Page history last edited by Glenda Browne 15 years, 4 months ago

Innes, Michael - Death at the Chase (1970)

 

 

Review by Nick Fuller

3/5

On the fourth page, Ambrose Chase is described as “horripilant like the porpentine against its foes,” a description that should alert the reader to the fact that this Innes at his most verbose and obscure. Obviously he has confused himself with Donne, for every paragraph is as much a conceit as the author’s state in writing the novel. A few passages of wit in the middle sections are let down by the presence of three egregiously jejune and callow youths. Since the murder is committed three-quarters of the way through, and to the accompaniment of excessive coincidence and too many cardboard mad villains, there is little room for any interest in the crime, so the solution is as anticlimactic as it is unconvincing.
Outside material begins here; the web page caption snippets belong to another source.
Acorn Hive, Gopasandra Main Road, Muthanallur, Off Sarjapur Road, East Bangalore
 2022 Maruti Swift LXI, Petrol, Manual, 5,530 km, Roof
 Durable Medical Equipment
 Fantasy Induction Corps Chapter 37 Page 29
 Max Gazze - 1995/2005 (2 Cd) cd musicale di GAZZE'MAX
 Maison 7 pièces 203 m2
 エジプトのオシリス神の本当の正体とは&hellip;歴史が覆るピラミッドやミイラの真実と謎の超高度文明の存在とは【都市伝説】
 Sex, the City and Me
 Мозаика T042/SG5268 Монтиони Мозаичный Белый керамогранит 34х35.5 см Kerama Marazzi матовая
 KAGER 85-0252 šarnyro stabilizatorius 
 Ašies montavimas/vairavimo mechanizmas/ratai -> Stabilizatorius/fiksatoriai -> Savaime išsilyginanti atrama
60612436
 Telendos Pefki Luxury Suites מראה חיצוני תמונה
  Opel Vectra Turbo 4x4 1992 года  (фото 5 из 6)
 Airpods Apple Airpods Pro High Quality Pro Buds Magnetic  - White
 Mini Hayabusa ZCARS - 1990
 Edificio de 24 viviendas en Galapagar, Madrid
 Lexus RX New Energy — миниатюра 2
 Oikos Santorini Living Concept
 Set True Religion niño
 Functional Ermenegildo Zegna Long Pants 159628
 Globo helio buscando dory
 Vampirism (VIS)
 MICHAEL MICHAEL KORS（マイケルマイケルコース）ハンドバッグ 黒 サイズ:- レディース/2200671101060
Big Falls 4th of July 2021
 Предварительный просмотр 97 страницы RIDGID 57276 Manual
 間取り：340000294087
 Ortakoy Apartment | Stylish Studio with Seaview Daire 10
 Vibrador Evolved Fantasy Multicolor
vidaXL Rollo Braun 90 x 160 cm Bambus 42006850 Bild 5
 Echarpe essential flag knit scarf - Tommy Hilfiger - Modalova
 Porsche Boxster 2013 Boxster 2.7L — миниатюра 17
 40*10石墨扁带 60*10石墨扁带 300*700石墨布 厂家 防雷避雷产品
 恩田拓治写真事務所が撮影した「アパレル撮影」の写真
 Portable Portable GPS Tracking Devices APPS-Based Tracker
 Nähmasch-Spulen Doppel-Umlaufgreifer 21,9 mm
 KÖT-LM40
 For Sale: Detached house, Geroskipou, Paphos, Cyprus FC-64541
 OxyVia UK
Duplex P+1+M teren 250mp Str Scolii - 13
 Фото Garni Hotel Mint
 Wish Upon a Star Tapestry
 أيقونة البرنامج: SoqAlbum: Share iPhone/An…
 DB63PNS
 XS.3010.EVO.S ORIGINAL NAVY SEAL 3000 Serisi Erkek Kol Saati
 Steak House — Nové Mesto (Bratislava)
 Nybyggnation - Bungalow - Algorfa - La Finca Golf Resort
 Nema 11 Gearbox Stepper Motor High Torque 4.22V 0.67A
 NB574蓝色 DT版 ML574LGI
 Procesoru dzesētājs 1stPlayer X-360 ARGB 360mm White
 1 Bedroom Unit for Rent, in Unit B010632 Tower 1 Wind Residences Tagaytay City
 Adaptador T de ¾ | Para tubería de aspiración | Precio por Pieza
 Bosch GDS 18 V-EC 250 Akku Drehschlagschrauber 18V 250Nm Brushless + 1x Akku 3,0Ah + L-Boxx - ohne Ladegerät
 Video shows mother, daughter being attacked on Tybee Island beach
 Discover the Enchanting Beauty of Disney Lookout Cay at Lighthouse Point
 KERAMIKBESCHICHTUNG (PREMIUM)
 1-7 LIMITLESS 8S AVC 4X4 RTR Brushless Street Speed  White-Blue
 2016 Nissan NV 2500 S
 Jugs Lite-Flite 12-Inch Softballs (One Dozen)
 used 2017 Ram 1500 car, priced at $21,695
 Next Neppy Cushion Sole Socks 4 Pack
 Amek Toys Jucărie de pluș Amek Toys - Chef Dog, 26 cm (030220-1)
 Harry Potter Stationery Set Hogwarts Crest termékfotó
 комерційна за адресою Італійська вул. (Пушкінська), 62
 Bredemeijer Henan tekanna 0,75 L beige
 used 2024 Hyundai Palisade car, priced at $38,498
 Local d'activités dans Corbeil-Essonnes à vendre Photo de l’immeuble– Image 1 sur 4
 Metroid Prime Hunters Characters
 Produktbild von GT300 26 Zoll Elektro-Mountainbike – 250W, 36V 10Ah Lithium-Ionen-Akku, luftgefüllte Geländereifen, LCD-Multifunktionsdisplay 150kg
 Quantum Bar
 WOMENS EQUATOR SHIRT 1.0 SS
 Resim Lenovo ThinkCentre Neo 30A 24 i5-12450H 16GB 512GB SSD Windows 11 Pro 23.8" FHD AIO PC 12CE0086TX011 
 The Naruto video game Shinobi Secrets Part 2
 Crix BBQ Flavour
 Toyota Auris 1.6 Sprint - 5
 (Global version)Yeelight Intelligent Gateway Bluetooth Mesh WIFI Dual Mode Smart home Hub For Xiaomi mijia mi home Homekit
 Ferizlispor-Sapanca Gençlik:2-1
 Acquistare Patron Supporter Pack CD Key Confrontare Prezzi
It is never really specified where Long Dream Manor (Appleby's estate) is located in England -- probably Gloucestershire -- but wherever it is is the most heavily populated by grand manor houses environment on the island. This is yet another country-house murder case, with repeat characters Bobby Appleby and Chief Constable Tommy Pride. The story is about the murder of a rich and ancient miser, with a bevy of quarrelsome and mutually hating relatives, and is a lot of fun to read in a Wodehouse way. But not much of a mystery (more like an expanded short-story gimmick).